Mauricie et au Centre-du-Québec (COVID-19): un rebond de cas à surveiller dans la région

La semaine avait pourtant bien débuté en ce qui concerne la tendance des nouveaux cas de COVID-19. Toutefois, les récentes données indiquent que la région vit un important rebond qui amène la santé publique à surveiller la situation de près, d’autant plus que le variant Delta est bien présent en Mauricie et au Centre-du-Québec.

Le variant Delta prend de plus en plus d'ampleur dans la région.

© Sylvain Mayer Le variant Delta prend de plus en plus d’ampleur dans la région.

Du 3 au 8 septembre, la région affichait une vingtaine de nouveaux cas par jour en moyenne, alors que le bilan dévoilé le 10 septembre fait état de 39 cas. La statistique au sujet des personnes hospitalisées se maintenait, elle aussi, autour de trois. Ce chiffre est maintenant de cinq.

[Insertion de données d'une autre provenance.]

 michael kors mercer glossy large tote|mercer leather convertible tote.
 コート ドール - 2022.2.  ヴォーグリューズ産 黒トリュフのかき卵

«C’est une tendance à laquelle on s’attend avec la rentrée scolaire, la reprise des activités, et ça se traduit aujourd’hui (vendredi). On va voir ce qui va se passer en fin de semaine pour confirmer s’il y a une hausse. On souhaite toujours atteindre un plateau. Mais entre le début de la semaine et aujourd’hui, c’est une différence d’une vingtaine de cas», déclare la directrice régionale de la santé publique, la docteure Marie-Josée Godi.

Avoir cinq hospitalisations ne crée aucune pression sur le réseau de la santé, précise la directrice régionale de la santé publique, mais une recrudescence du nombre de cas laisse entrevoir un impact sur le nombre d’hospitalisations d’ici une dizaine de jours, d’autant plus que le variant Delta a été confirmé dans plus de 50 cas de contamination dans la région.

«Il faut voir la vitesse à laquelle il prend de la place, explique la spécialiste. Au début du mois d’août, le variant Alpha était prédominant. Depuis deux ou trois semaines, c’est le variant Delta. Ce n’est pas une surprise: on l’a vu dans d’autres régions et dans d’autres pays. Et ça crée une certaine préoccupation. Il y a environ 25 % de notre population qui n’est pas vaccinée. Ce variant touche principalement les gens qui ne sont pas vaccinés. C’est possible de voir une remontée des cas.»

Marie-Josée Godi, directrice de la santé publique en Mauricie-Centre-du-Québec.

© Stéphane Lessard Marie-Josée Godi, directrice de la santé publique en Mauricie-Centre-du-Québec.

Ce constat incite la docteure Godi à insister, une fois de plus, sur l’importance de se faire vacciner. Elle s’attend à ce que Santé Canada homologue la vaccination pour les 5-11 ans d’ici quelques semaines, ce qui entraînera le déploiement rapide de plusieurs équipes qui auront la responsabilité d’inoculer cette clientèle.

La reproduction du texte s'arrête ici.